Content starts

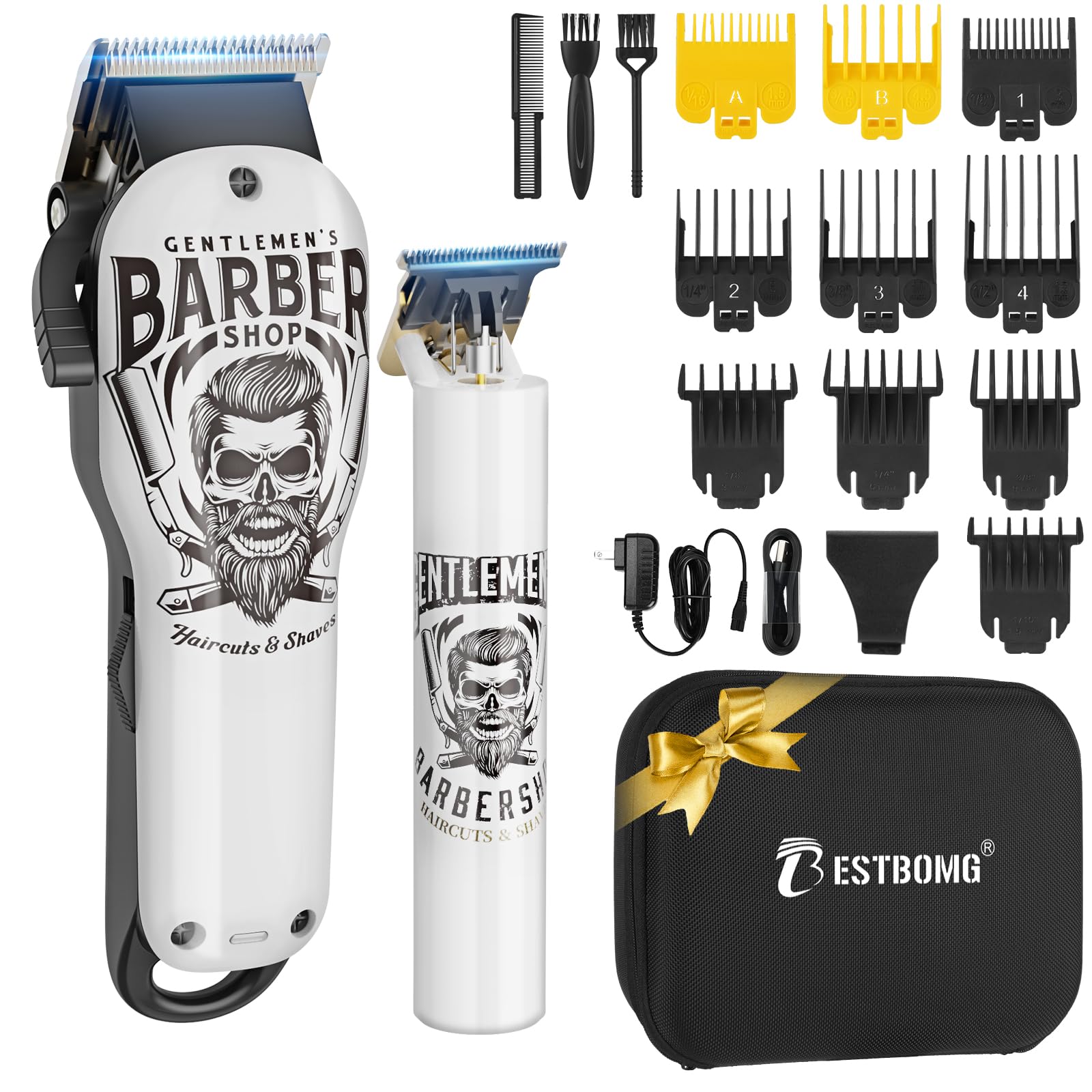 BESTBOMG hair clippers ceramic T-blade front view for smooth cuts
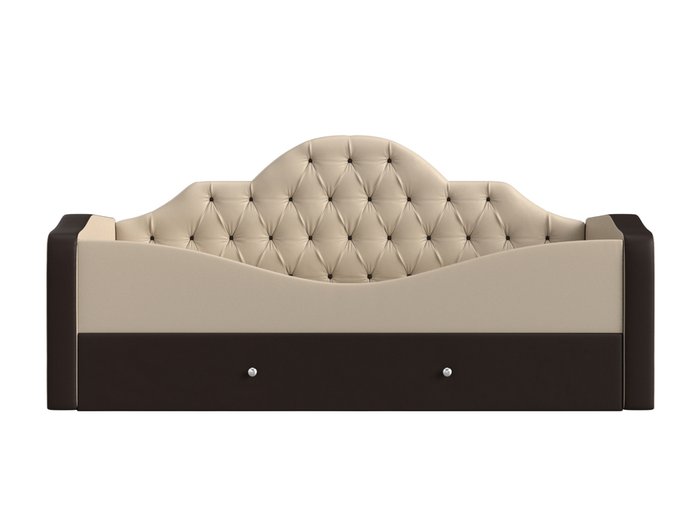 Детская кровать Скаут 72х160 коричнево-бежевого цвета (экокожа) - купить Одноярусные кроватки по цене 35990.0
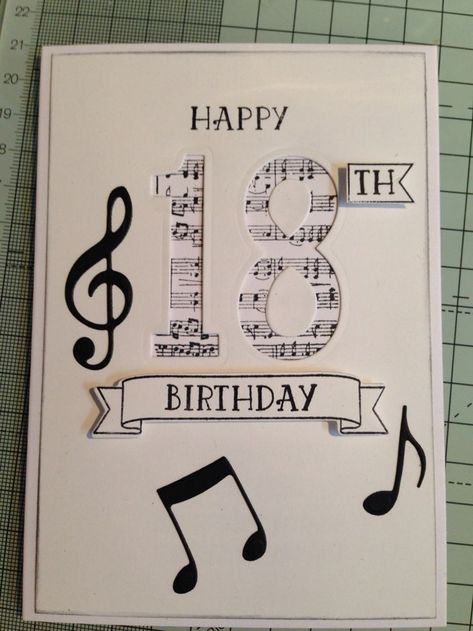 Musical Cards Handmade, Scrapbook Ideas 18th Birthday, 18th Birthday Craft Ideas, Birthday Card Ideas For 18th Birthday, Music Birthday Card Ideas, Birthday Card Music Theme, Birthday Card Ideas 18th, 18th Card Ideas, Music Inspired Gifts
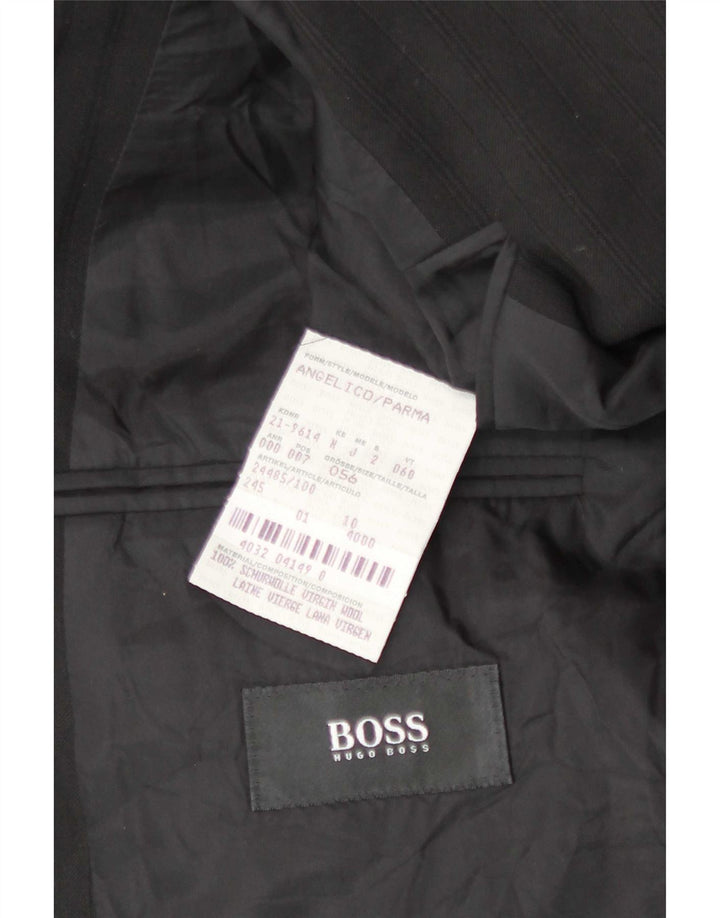 Giacca blazer da uomo a 3 bottoni Hugo Boss EU 56 3XL lana a righe nere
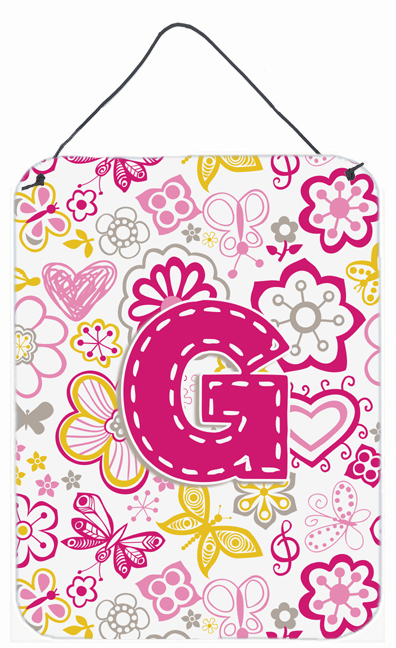 Picture of Carolines Treasures CJ2005-GDS1216 Letter G Flowers And Butterflies Pink Wall and Door Hanging Prints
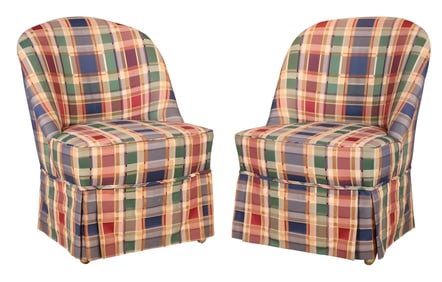 Pair of Plaid-Upholstered Armless Club Chairs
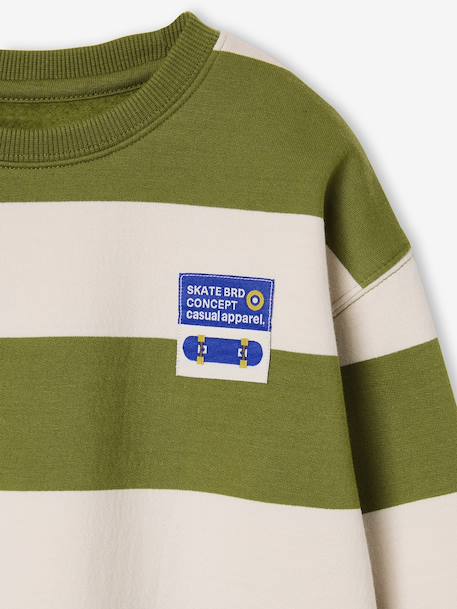 Sweat garçon col rond marine+noisette+pistache 15 - vertbaudet enfant 
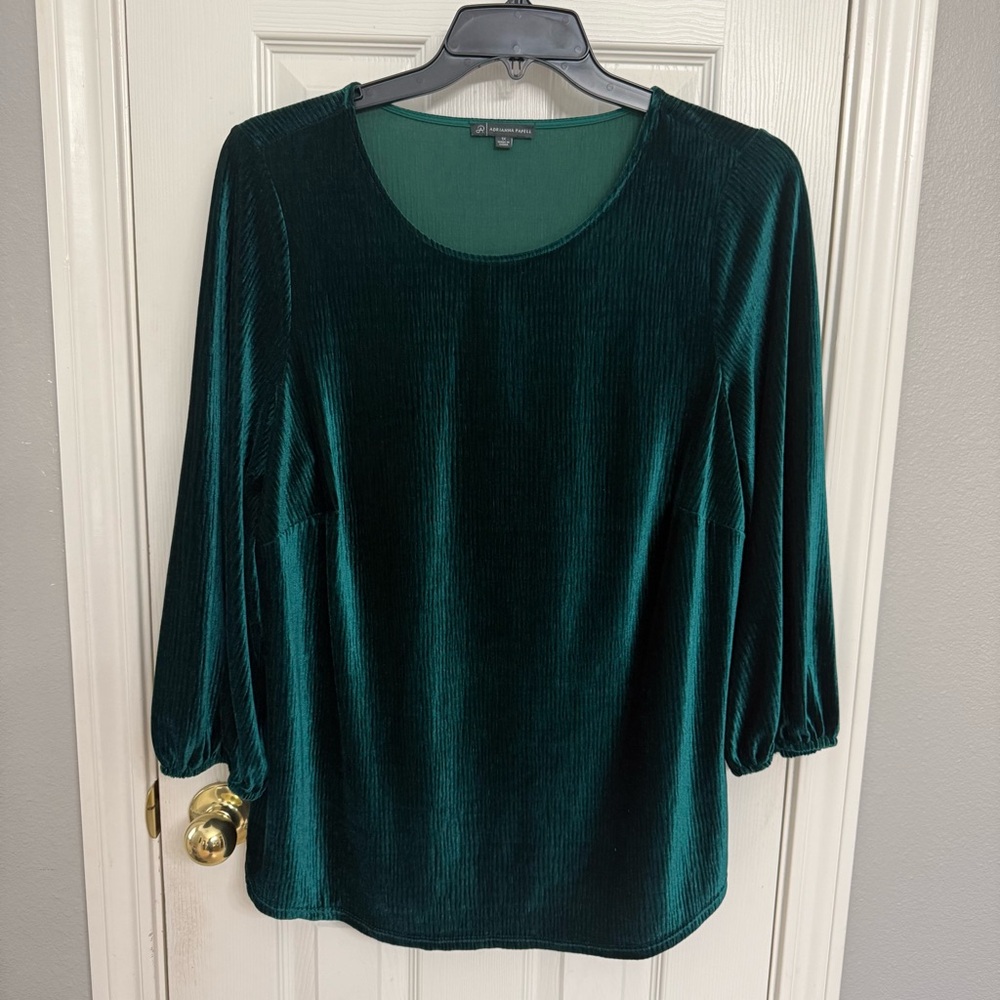 Adrianna Papell Deep Green Velvet Blouse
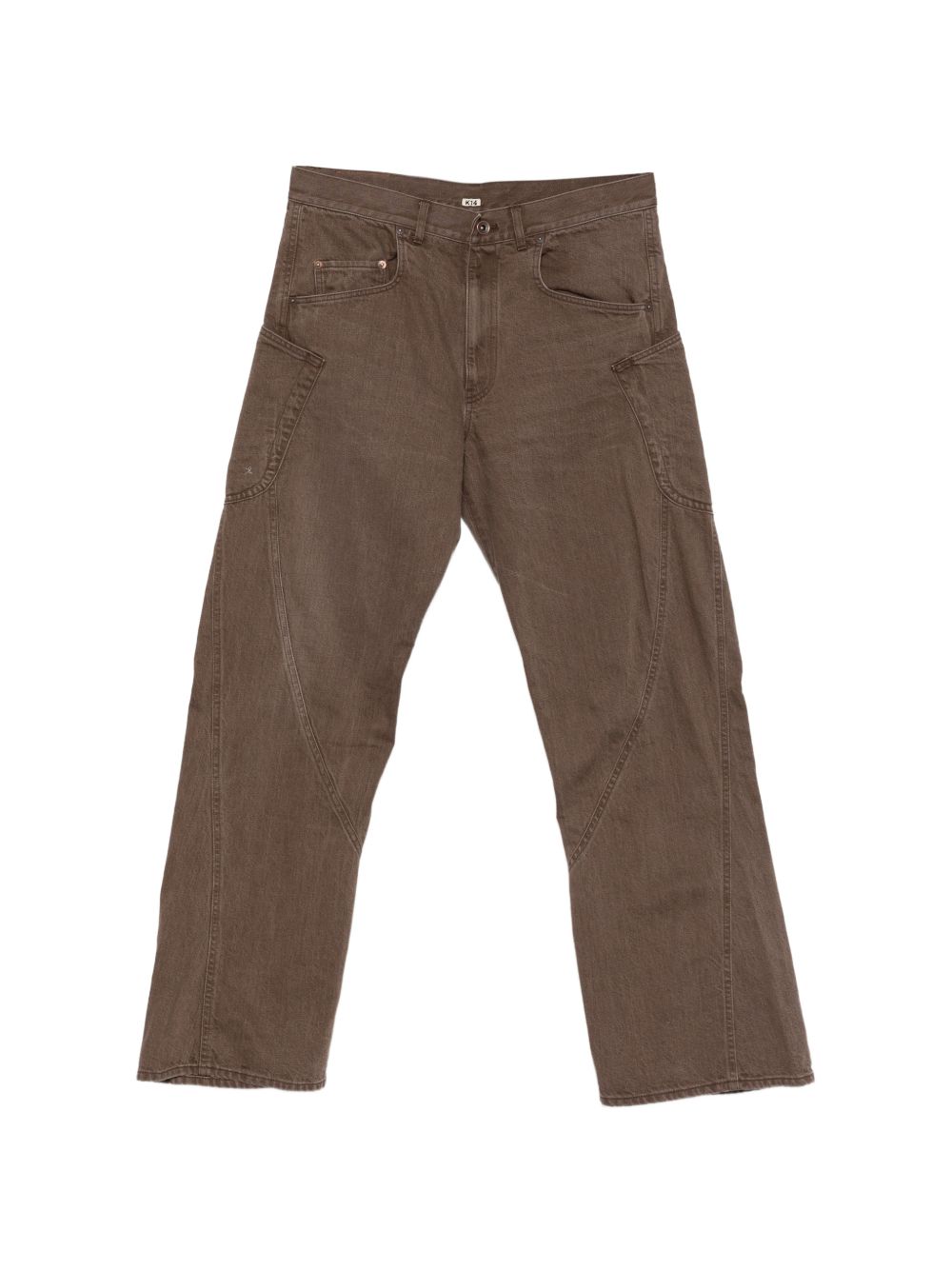 Jeans a gamba dritta con design a pannelli in marrone Khoki - uomo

Content ends

**TASK STATEMENT**
With pictures omitted, restate word for word every line above from the one containing "Детская кровать Скаут" to the end of the entries.

**SOLUTION**
 Детская кровать Скаут 72х160 коричнево-бежевого цвета (экокожа) - купить Одноярусные кроватки по цене 35990.0
 Musical Cards Handmade, Scrapbook Ideas 18th Birthday, 18th Birthday Craft Ideas, Birthday Card Ideas For 18th Birthday, Music Birthday Card Ideas, Birthday Card Music Theme, Birthday Card Ideas 18th, 18th Card Ideas, Music Inspired Gifts
 Giacca blazer da uomo a 3 bottoni Hugo Boss EU 56 3XL lana a righe nere
 Picture of Carolines Treasures CJ2005-GDS1216 Letter G Flowers And Butterflies Pink Wall and Door Hanging Prints
 Pair of Plaid-Upholstered Armless Club Chairs
 Sweat garçon col rond marine+noisette+pistache 15 - vertbaudet enfant 
 Adrianna Papell Deep Green Velvet Blouse
 Jeans a gamba dritta con design a pannelli in marrone Khoki - uomo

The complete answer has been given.